[Assigned task]: In the listing below, find the line with "For more information" and copy every line from there up to and including the line with "Hi again, Tiffany", exactly and without pictures.

=== Section Start ===

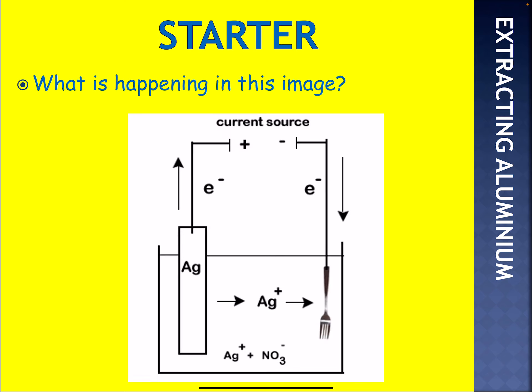Here's a simple starter. What you have got is electroplating taking place. You've got the fork on the cathode. You've got silver at the anode. Silver ions are moving towards the cathode for electroplating, so the fork becomes silver plated. That's one use of electrolysis.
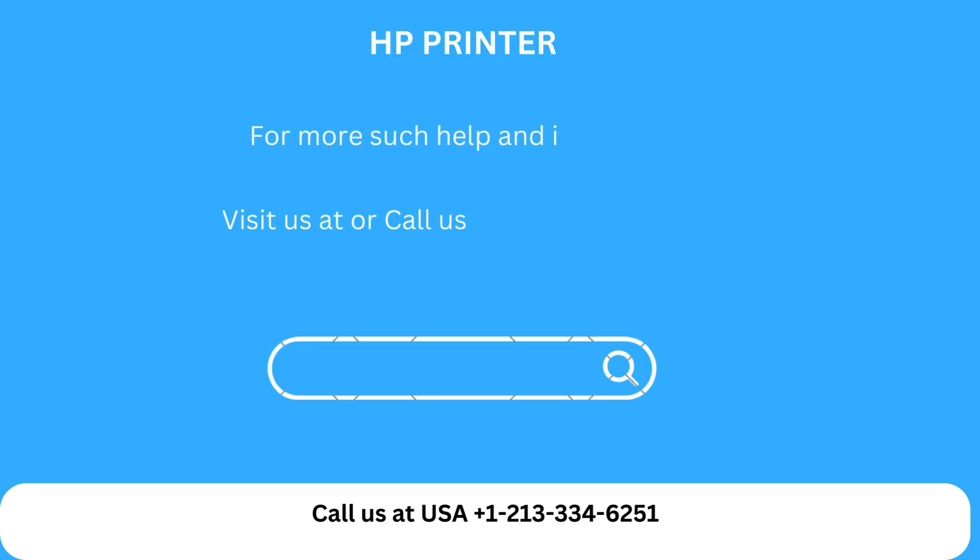For more such help and information, visit us at or call us at USA +1 213 334 6251.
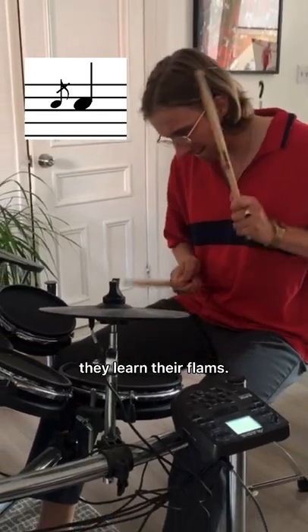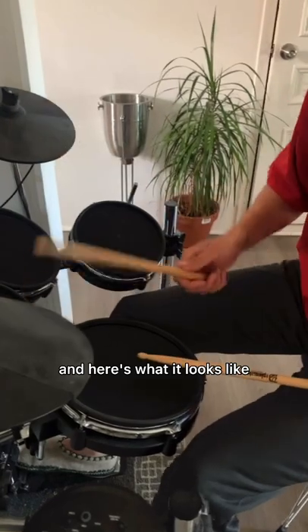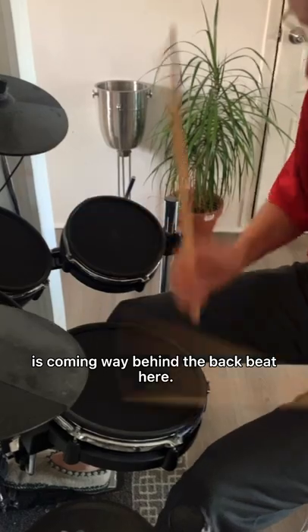Here's how drummers learn that — they learn their flams. This is the simple rudiment you need to learn to be able to play this kind of beat. Here's what it looks like when you play it in a beat format. Notice how the snare drum is coming way behind the backbeat here.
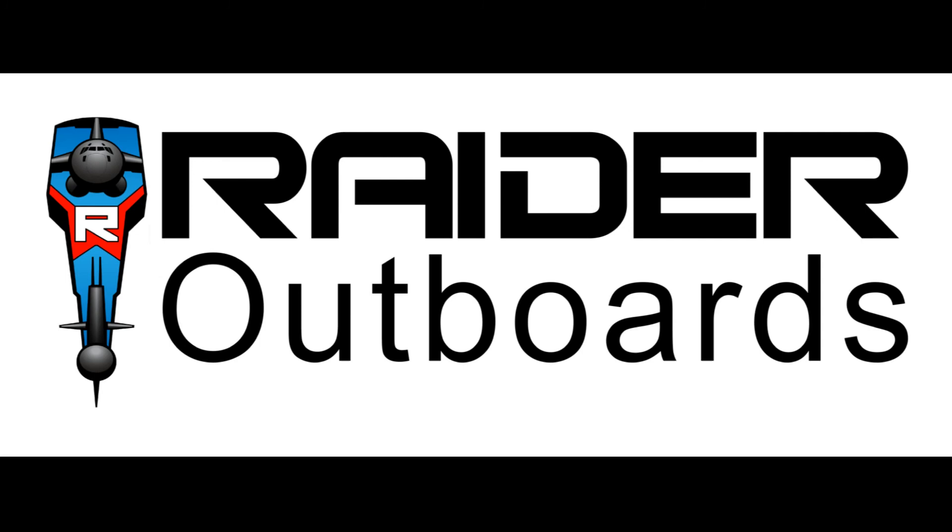For more information on the Raider Outboards Model 50 or to schedule training courses for operators or technicians, visit RaiderOutboards.com.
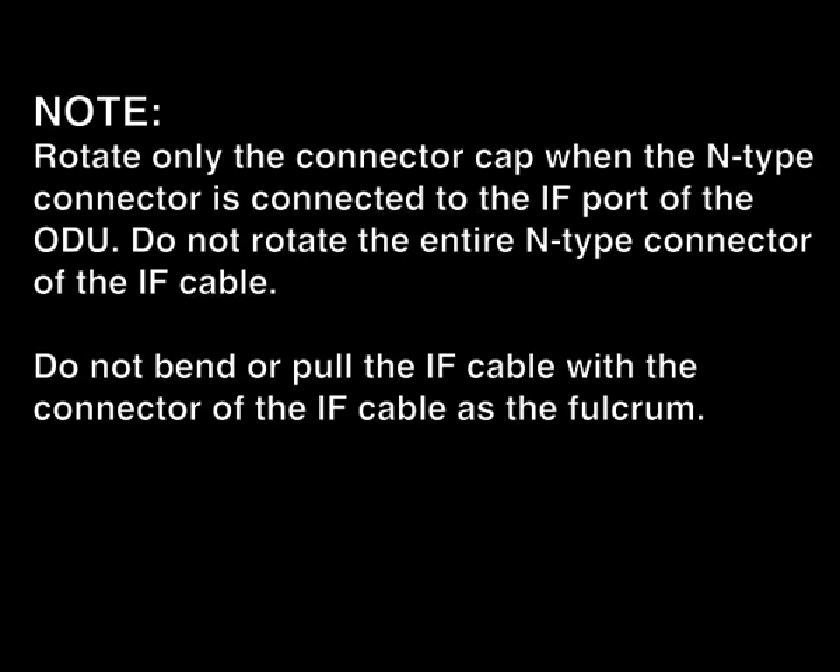Do not bend or pull the IF cable with the connector of the IF cable as a fulcrum.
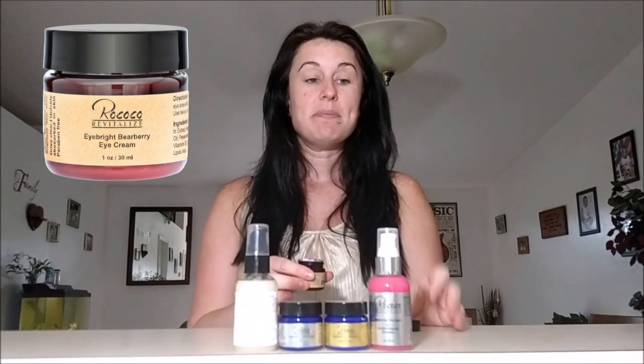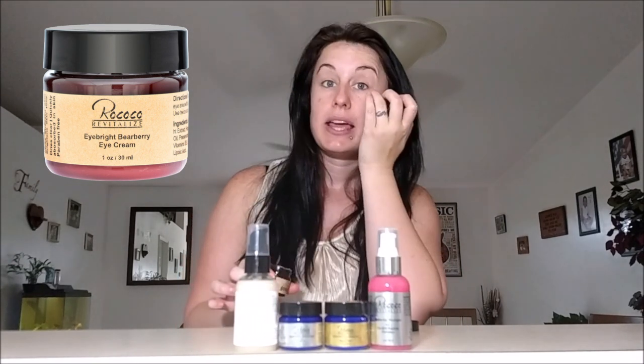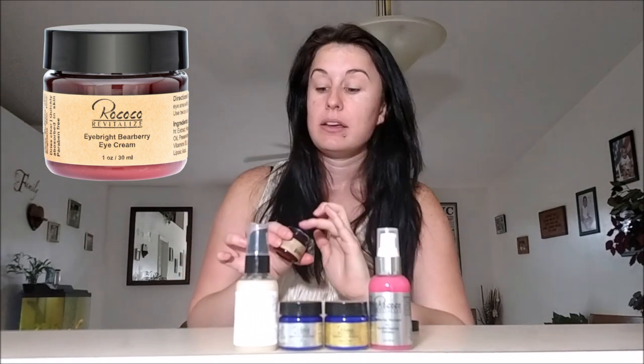Hi again, Tiffany here with my favorite products from Rococo Revitalize. Let's touch on the Eyebrite Bareberry Eye Cream. This anti-wrinkle cream is made specifically for the delicate area around your eye and helps get rid of those dark circles.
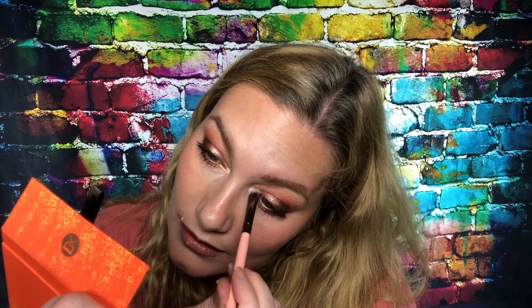Now I'm just going to pop into this lightest shade — the lightest shimmer — for my inner corner highlight. Just bring it up a little bit that way, and I'm all finished. That is the look with the Viseart Spritz Edit palette. That's the full look — I'll see you guys next time.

=== Section End ===

[Exercise output]:
For more information on the Raider Outboards Model 50 or to schedule training courses for operators or technicians, visit RaiderOutboards.com.
Do not bend or pull the IF cable with the connector of the IF cable as a fulcrum.
Hi again, Tiffany here with my favorite products from Rococo Revitalize. Let's touch on the Eyebrite Bareberry Eye Cream. This anti-wrinkle cream is made specifically for the delicate area around your eye and helps get rid of those dark circles.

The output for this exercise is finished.